To ensure that Data Processing workflows can run on a secure Hadoop cluster, these BDD components are enabled for Kerberos support:

Dgraph and Dgraph HDFS Agent
Data Processing workflows (whether initiated by Studio or the DP CLI)
Studio

All these BDD components share one principal and keytab. Note that there is no authorization support (that is, these components do not verify permissions for users).

The BDD components are enabled for Kerberos support at installation time, via the ENABLE_KERBEROS parameter in the bdd.conf file. The bdd.conf file also has parameters for specifying the name of the Kerberos principal, as well as paths to the Kerberos keytab file and the Kerberos configuration file. For details on these parameters, see the Installation Guide.

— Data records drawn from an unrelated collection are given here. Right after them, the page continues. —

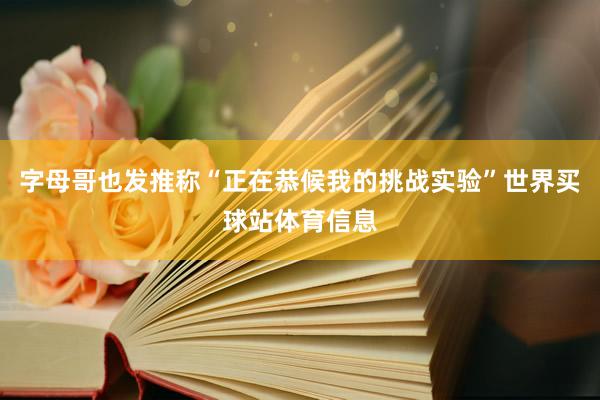 字母哥也发推称“正在恭候我的挑战实验”世界买球站体育信息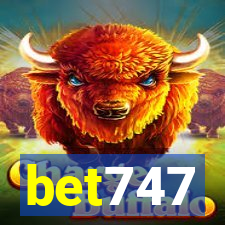 bet747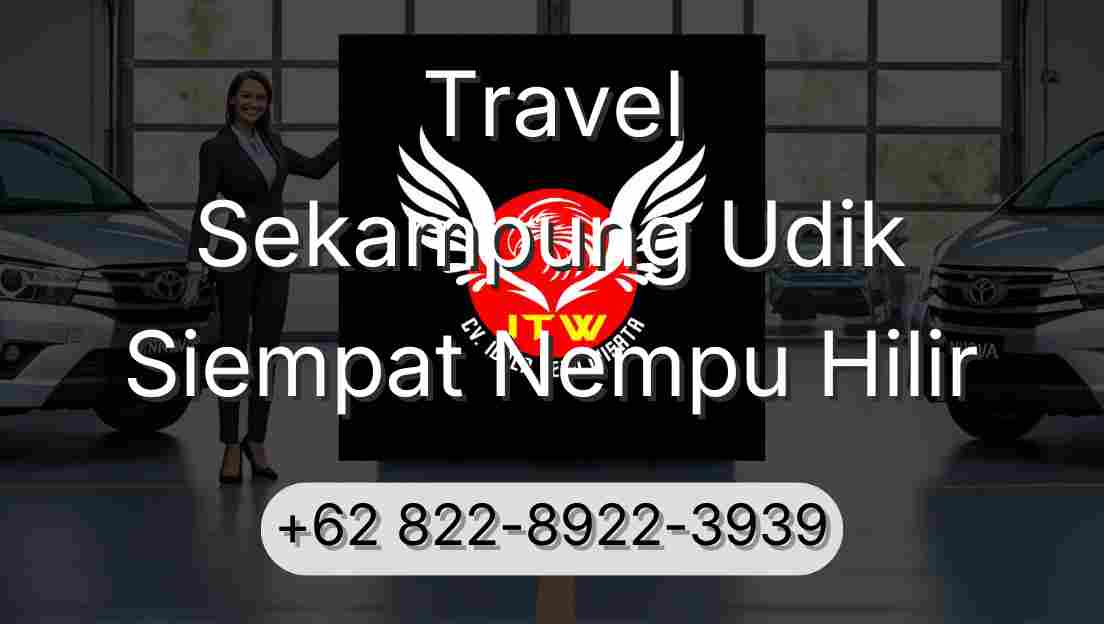 Travel Sekampung Udik Siempat Nempu Hilir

Note: If you use Sentry for authorization in your Hadoop cluster, you must configure it to grant BDD access to your Hive tables.

Kerberos support in DP workflows

Support for Kerberos authentication ensures that Data Processing workflows can run on a secure Hadoop cluster. The support for Kerberos includes the DP CLI, via the Kerberos properties in the edp-cli.properties configuration file.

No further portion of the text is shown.